Yesterday, April 8th, Intel Security’s McAfee Labs played a leading role in Operation Source, a global law enforcement collaboration that successfully dismantled the polymorphic botnet known as Beebone or AAEH. By spreading the downloader worm known as W32/Worm-AAEH, Beebone facilitated the download of a variety of malware, including ZBot banking password stealers, Necurs and ZeroAccess rootkits, Cutwail Spambots, Fake anti-virus and ransomware. W32/Worm-AAEH includes worm-like functionality to spread quickly to new machines, and contains a cyclic update routine to replace itself with newer versions to increase likelihood of remaining undetected by anti-virus software. During its peak in July/August 2014, it updated itself with newer variants up to multiple times a day.
Intel Security is aware of more than 5 million unique AAEH samples, distributed primarily across the US, Japan, India, Taiwan, Germany, and the UK.
At one of its operational peaks in September 2014, more than 100,000 infections of the Beebone botnet were detected by the McAfee Labs team. At the last recording of infection rates in March 2015, McAfee Labs detected 12,000 live infections. As this figure included only telemetry from Intel Security, we suspect this was likely to be much higher.

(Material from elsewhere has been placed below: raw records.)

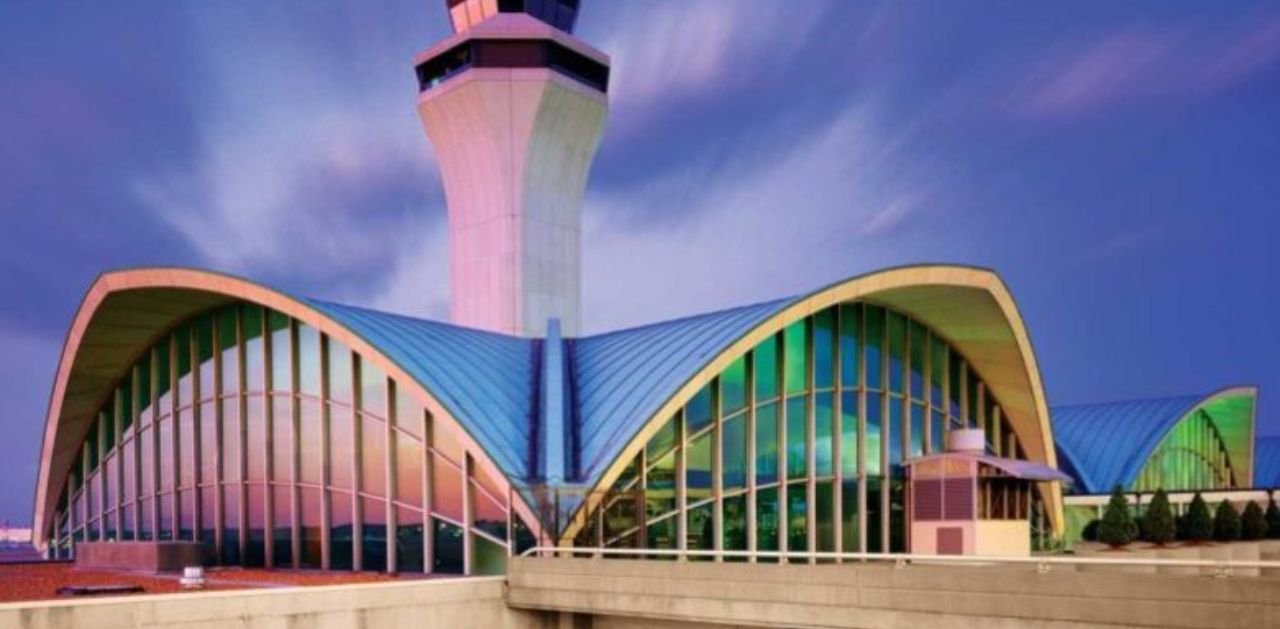Japan Airlines STL Terminal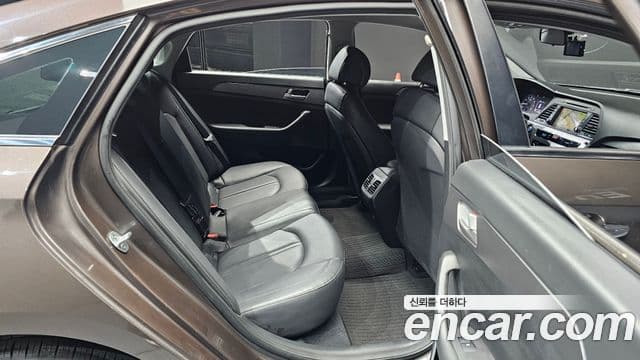 Hyundai LF Sonata Modern, 2015 13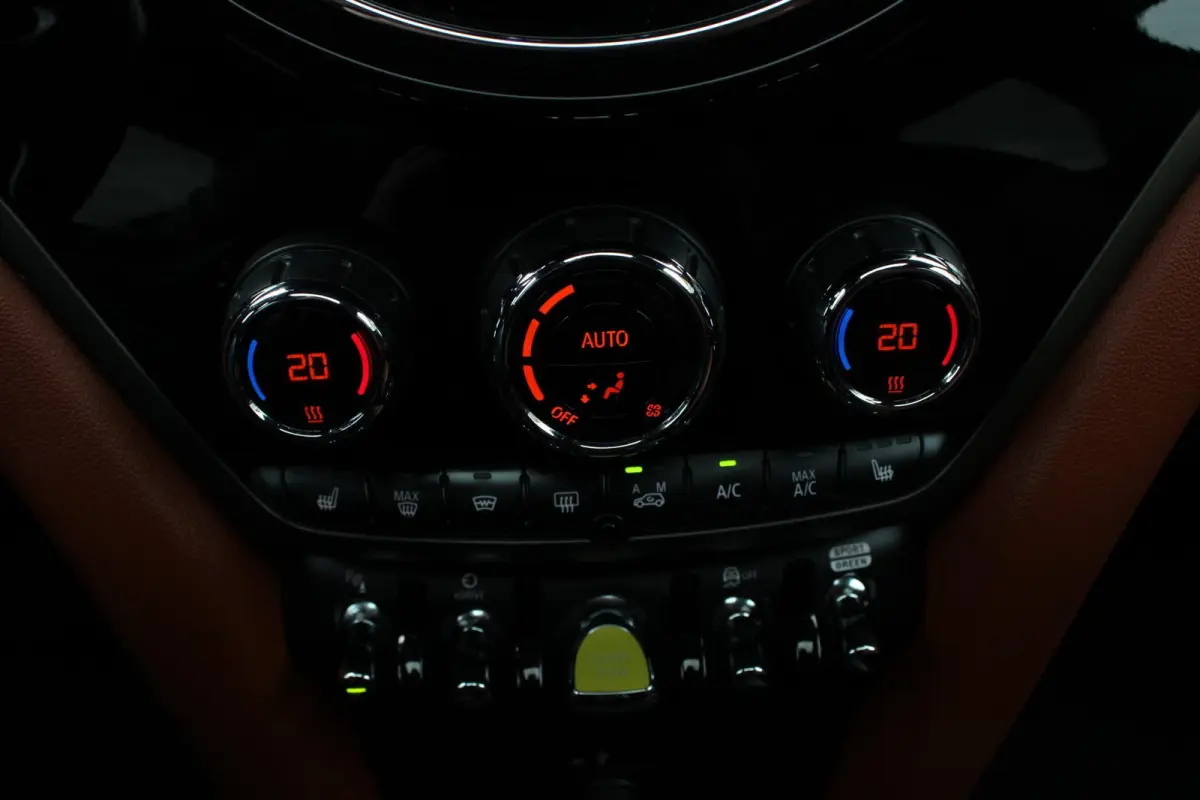 1.5 Cooper ALL4 MINI Yours PANO | LEDER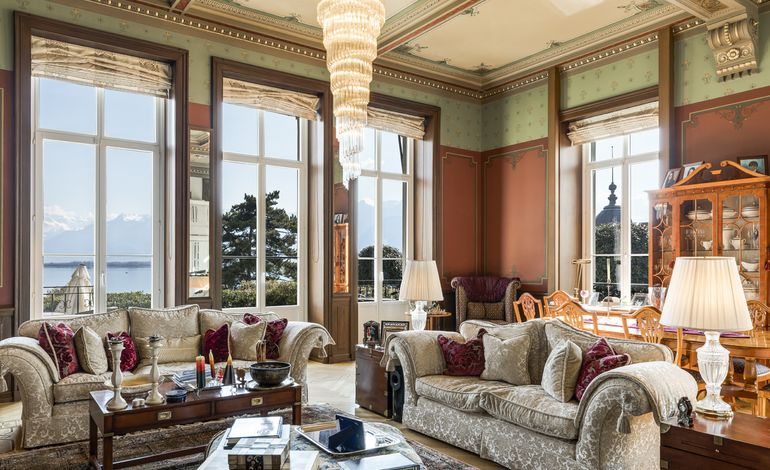 Luxury apartment in the historic National building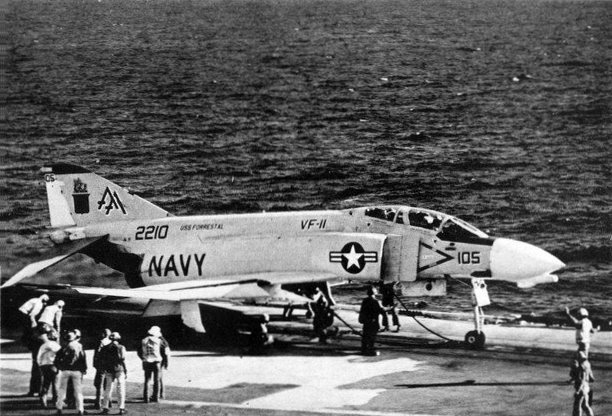 F-4B_of_VF-11_on_cat_of_USS_Forrestal_28CVA-5929_1971.jpg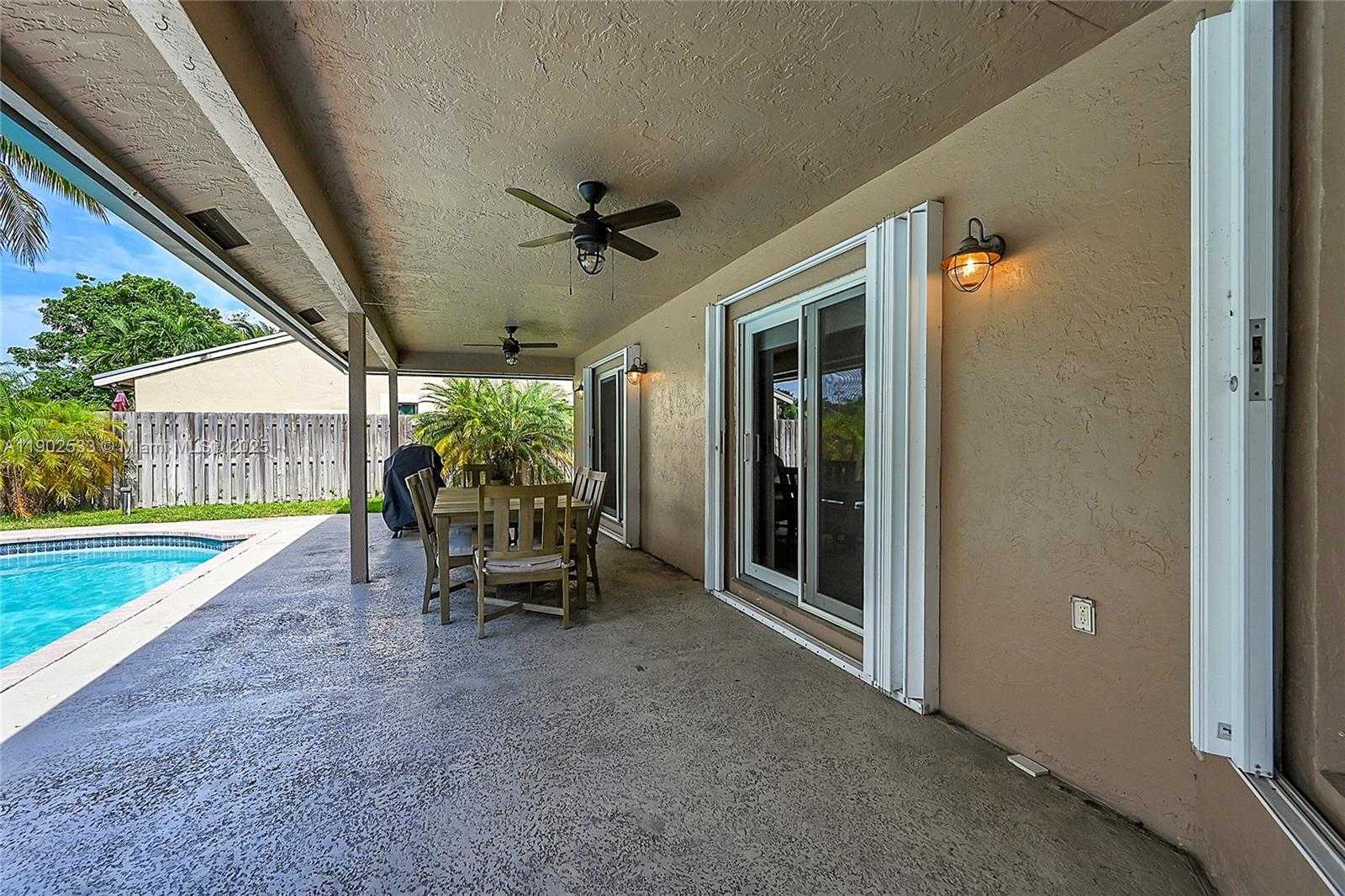 Small Image of 9841 SOUTH WEST 1ST ST #9841, Plantation Number 34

The operation has been led by the Joint Cyber Action Taskforce (J-CAT), located at Europol’s headquarters, a cooperation between EC3, most EU Member States and law enforcement partners around the world. Combining resources, the J-CAT is an effective multilateral platform in the fight against cybercrime. The J-CAT works together with public- and private entities and academia on a very operational level, in order to identify and mitigate the biggest cyber threats around the world, and apprehending the persons responsible for them.
The takedown of AAEH is the result of a close cooperation between a Dutch-led J-CAT-operation and Intel Security and several other operational partners. Combining investigative and technical skills, as well as sharing information and experiences, led to the recent destruction of the botnet.
Of course dismantling the communications infrastructure is only part of the response, with the remediation of infected systems a critical step in the dismantling of a botnet. This is made particularly more difficult with the evasive steps taken by the botnet regarding clean-up. Not only were we faced with multiple DGA refreshes (Domain Generation Algorithm), but also the botnet actively blocks connections to Anti-Virus vendor websites (including our own).
Further detail on AAEH will be provided in an upcoming white paper, however it is important to recognise the efforts of all parties in this operation. Particularly, the team at the Dutch High Tech Crime Unit that led law enforcement efforts, who were supported by their U.S. counterparts including the FBI. In terms of private sector support, in addition to the sterling efforts of our own McAfee Labs team, we are indebted to Kaspersky Lab for their analysis and F-Secure for the development of a removal tool for infected systems.
Please note, as the malware blocks connections to AV companies, those infected may have difficulty following links to download the removal tools. As a result the team at ShadowServer whose support was critical to this operation have made a webpage available where these tools can be directly downloaded.
You have often seen and heard us at Intel Security discuss the importance of Public-Private Partnerships most recently with the recent MoU between us and EC3. This operation is further evidence that only a combined response is capable of slowing down the every growing menace of cybercrime.